Negative emissions technologies, such as reforestation and direct air capture, can reduce net CO₂ emissions as well as eventually serve to reverse climate change once emissions are stabilized. A recent National Academies report concluded that direct air capture and carbon mineralization have high potential capacity for removing carbon, but direct air capture is currently limited by high cost and carbon mineralization by a lack of fundamental understanding (National Academies of Sciences, E. a. M. Negative Emissions Technologies and Reliable Sequestration: A Research Agenda; The National Academies Press, 2019. DOI: 10.17226/25259). The difficulty is that although the partial pressure of CO₂ is relatively high for its impact on the greenhouse effect, it is still relatively low when considering conventional engineering separation processes such as absorption and adsorption. Successful deployment of direct air capture will require improved materials and a convergent research approach. Glycerol-derived compounds for direct air capture are investigated herein.
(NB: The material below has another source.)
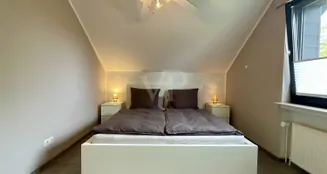 von_poll_real_estate_property_25285031_image_18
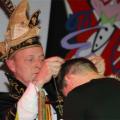 Pronkzitting part I - 061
Amine-containing glycerol-derived compounds as Water-Lean Solvents for CO₂ Capture: Glycerol-derived compound precursors are provided from which new amine-containing glycerol-derived compound molecules are developed. Recently, the synthesis of glycerol-derived compound diether-chlorides via reaction of diether-alcohols with SOCl₂ was reported (Chatterjee S et al. Industrial & Engineering Chemistry Research 2023. DOI: 10.1021/acs.iecr.2c03441), which creates the opportunity to impart amine functionalities to glycerol-derived compounds for use as water-lean solvents for CO₂ capture from low pressure streams.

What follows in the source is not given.